Observability platforms manage the issue by aggregating enterprise logs, monitoring systems and reporting performance metrics in a single dashboard. They offer AI-powered, intelligent alerting, rapid data collection from 3rd party systems, plus support for different persistence solutions and cloud platforms.
Yet many observability platform’s data log visualization components aren’t up to scratch. How easy is it to spot patterns in error logs? How quickly can you get to a problem’s root cause? An infinitely-paginated log table won’t help. Neither will a time series or bar chart which only shows aggregated counts of logs.
The good news is that there are visualization tools and techniques that deliver a much better user experience.
Timeline visualization can look at hours of data across millions of logs from hundreds of entities, instantly revealing problem entities and supporting root cause analysis.

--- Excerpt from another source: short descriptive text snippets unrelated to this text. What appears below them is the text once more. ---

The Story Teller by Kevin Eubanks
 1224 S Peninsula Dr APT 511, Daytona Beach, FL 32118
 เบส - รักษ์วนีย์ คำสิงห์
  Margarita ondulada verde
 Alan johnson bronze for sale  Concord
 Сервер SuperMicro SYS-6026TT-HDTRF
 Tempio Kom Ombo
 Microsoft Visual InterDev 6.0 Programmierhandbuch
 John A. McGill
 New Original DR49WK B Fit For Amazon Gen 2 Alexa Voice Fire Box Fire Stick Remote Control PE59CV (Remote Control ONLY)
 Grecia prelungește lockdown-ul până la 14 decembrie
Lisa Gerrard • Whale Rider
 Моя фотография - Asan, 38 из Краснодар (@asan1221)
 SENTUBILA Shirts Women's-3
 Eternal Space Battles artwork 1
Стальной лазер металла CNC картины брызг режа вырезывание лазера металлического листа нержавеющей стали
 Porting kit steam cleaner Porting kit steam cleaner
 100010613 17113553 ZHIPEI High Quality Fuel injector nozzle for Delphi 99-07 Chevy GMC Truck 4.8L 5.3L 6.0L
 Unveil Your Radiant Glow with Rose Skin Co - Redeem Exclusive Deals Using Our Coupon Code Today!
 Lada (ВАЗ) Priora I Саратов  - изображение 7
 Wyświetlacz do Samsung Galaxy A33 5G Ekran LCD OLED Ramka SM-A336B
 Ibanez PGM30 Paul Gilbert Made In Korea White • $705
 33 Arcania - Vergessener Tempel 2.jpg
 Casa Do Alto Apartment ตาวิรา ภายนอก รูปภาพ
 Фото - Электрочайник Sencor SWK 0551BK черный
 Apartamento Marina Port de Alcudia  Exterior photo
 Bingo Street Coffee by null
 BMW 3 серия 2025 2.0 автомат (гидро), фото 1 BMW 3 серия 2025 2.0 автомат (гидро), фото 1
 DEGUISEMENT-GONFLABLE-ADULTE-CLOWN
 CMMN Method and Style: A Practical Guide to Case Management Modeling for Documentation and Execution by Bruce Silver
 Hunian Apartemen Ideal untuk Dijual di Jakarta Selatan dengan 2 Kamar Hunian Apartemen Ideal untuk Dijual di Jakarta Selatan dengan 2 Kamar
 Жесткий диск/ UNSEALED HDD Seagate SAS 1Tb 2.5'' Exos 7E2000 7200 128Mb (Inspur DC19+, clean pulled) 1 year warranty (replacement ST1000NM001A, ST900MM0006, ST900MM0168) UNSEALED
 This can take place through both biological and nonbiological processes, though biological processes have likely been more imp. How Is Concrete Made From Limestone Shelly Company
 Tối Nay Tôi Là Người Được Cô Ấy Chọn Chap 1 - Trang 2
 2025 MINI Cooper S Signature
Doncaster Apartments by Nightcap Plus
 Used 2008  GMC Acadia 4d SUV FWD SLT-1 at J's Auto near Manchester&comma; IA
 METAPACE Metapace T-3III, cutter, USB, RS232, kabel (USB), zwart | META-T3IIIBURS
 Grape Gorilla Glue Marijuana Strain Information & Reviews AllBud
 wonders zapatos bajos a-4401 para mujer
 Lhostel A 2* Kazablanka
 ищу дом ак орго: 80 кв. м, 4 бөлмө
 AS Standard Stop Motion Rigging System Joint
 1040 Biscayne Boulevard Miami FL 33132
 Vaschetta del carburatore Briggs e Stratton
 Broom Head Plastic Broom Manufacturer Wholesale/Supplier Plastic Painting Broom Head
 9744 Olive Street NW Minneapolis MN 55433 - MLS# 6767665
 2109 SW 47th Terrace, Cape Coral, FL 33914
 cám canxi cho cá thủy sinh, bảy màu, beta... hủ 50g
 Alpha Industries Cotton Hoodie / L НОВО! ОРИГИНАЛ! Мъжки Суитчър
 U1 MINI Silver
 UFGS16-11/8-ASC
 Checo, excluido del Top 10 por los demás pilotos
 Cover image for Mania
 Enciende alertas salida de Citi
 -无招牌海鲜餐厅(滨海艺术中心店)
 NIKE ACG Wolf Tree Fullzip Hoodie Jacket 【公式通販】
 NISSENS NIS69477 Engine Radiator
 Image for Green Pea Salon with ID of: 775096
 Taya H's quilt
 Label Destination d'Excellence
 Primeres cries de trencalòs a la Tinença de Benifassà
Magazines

When you’re investigating an incident, you rarely know which entity is responsible for what errors. You may need to look into the details of many logs, one at a time, just to discover fundamental things like which entity generated the log. It’s painstaking and time consuming work, particularly when you need to quickly figure out when issues occurred across multiple entities so you can get operations back on track.
With KronoGraph log data visualization, observing log sources becomes instantaneous.
In this example, we visualize the logs (colored by severity) generated by three websites over a five-minute period. The timeline in the top half of the screen shows event data (in this case logs) for website and client IP entities.
Notice how we can zoom in to see logs that could be just nanoseconds apart, or zoom out to see much longer timeframes. We can choose to filter different log types, so I can instantly isolate the log events from clients making requests on the sites.
KronoGraph was built from the ground up with scalability in mind. It scales to millions of events across hundreds of entities, managing the best way to display data at every zoom level. This makes it uniquely suited to data log visualization at an enterprise level.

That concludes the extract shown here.